Viaje a seu risco e perigo
Foi preciso que o drama de Patrícia viesse à tona para que a Embaixada brasileira em Madri acordasse?
O CASO DA BRASILEIRA barrada pela imigração espanhola deixou meio mundo indignado. Se você ainda não teve a oportunidade de ficar tiririca com o ocorrido, eis o resumo da ópera: Patrícia Camargo Magalhães, 23, pós-graduanda em física pela Universidade de São Paulo, estava a caminho de um congresso em Portugal, mas acabou sendo barrada no aeroporto de Madri ao tentar embarcar no vôo de conexão.
Autoridades espanholas alegaram "falta de documentos" e, sem maiores explicações, a detiveram com mais de 30 pessoas em condições precárias. A jovem ficou presa por três longos dias antes de ser deportada. Tudo isso ocorreu sem que as autoridades espanholas oferecessem esboço de um pedido de desculpas.

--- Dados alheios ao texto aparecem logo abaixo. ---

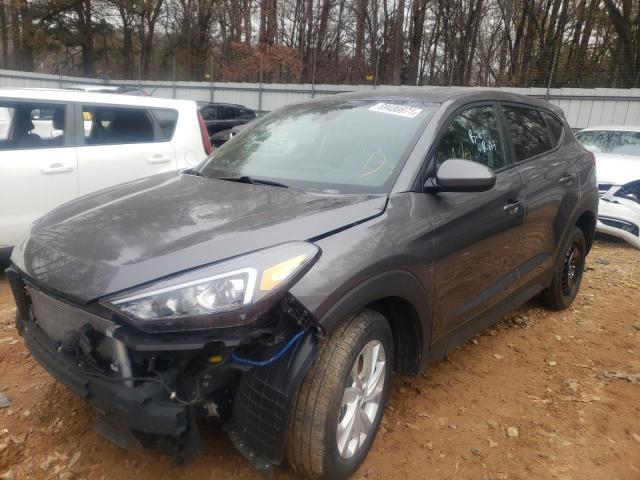 Photo 1 VIN: KM8J2CA41LU112848 - HYUNDAI TUCSON SE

Quando o caso veio à tona, outras moças que sofreram a mesma humilhação de Patrícia resolveram se manifestar. Descobriu-se então que, em relação aos brasileiros e, principalmente, às brasileiras, os espanhóis mantêm uma política de imigração um tanto peculiar: em vez de analisar a documentação apresentada ou de entrevistar os turistas brasileiros que desejam entrar no país, eles simplesmente medem a pessoa de cima a baixo, no "olhometro", e passam sentença da maneira que bem entendem.
Traduzindo em miúdos, o oficial da imigração tira suas conclusões e decide na base do chute: "Esta tem cara de mulher séria, pode entrar" ou "Esta parece puta, não entra".
Qualquer um que já tenha viajado à Europa sabe do que brasileiros são capazes quando estão no exterior. Travestis tapuias se prostituem por dois tostões na Itália e na França. Em Portugal e na Espanha, somos conhecidos como traficantes de drogas e, na Alemanha e na Suíça, as brasucas são tidas como prostitutas de luxo. Estou fazendo uma generalização grosseira? Pode ser, mas quantas vezes o brasileiro que vai para trabalhar, estudar os gastar seu suado dinheirinho de férias não é obrigado a passar vexame por conta desses estigmas?
Pois, para mim, o pior não é nem mesmo saber que estou a mercê de ser julgada sumariamente por alguma autoridade truculenta, inhenha ou xenófoba. O pior é ter a consciência de que, se algo acontecer comigo enquanto estiver viajando com um passaporte brasileiro, eu terei de me virar sozinha.
Como chego à essa conclusão? Ora, ora, alguém vai me dizer que foi preciso o drama de Patrícia sair no jornal para que a Embaixada brasileira em Madri acordasse para a maneira como somos vilificados?
Se, em média, oito brasileiros recebem o mesmo tratamento por dia, por que só depois de o caso vir à tona o ministro Celso Amorim resolveu pedir explicações?
Para que o leitor avalie o grau de inoperância de nossas representações no exterior, tomei o depoimento de um colega que viajou ao Oriente Médio. Veja o que ele tem a dizer: "Precisei de uma declaração consular, tipo um nada-consta, para tirar meu visto de entrada para a Síria. Na representação brasileira em que tentei ser atendido trabalhavam 16 pessoas. Telefonei várias vezes, voltava a explicar e nunca alguém se dispunha a ajudar. Voltei quatro vezes até lá e sequer olharam na minha cara. Detalhe: não havia ninguém para ser atendido pelos funcionários, apenas eu."